## What to work on
Every line below from the one with "Lebensechte Künstliche Orchideen" through the one with "Dornb_ 2012 410.jpg" should be retyped exactly, both ends included; no other lines and no pictures.

## Extracted data
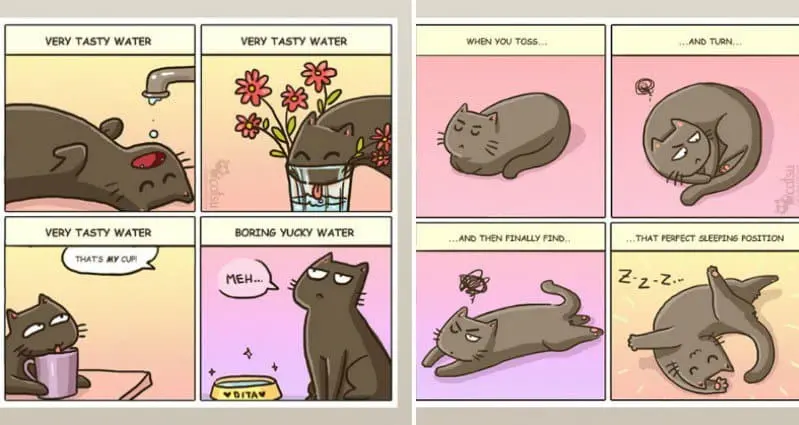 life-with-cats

...

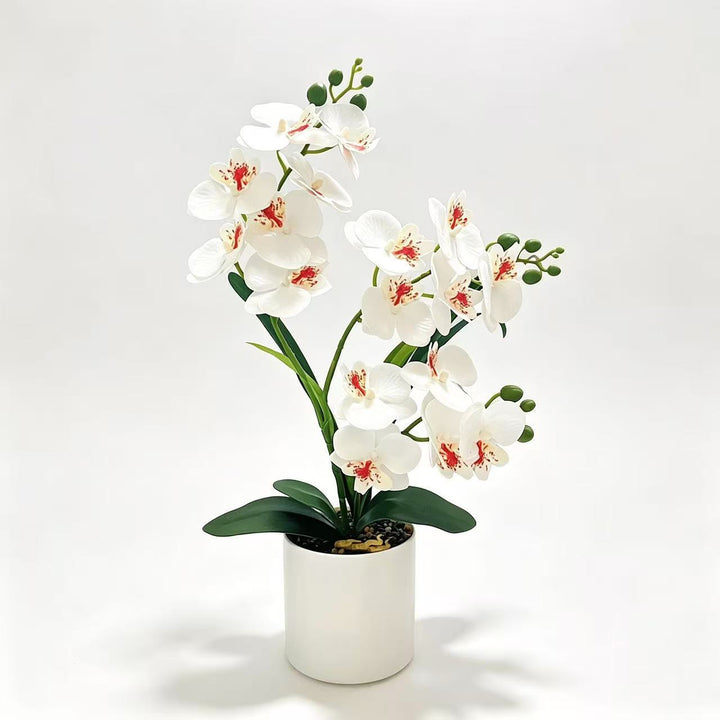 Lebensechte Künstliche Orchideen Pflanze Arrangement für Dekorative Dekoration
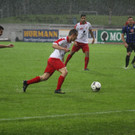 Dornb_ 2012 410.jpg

## Answer to this task
 Lebensechte Künstliche Orchideen Pflanze Arrangement für Dekorative Dekoration
 Dornb_ 2012 410.jpg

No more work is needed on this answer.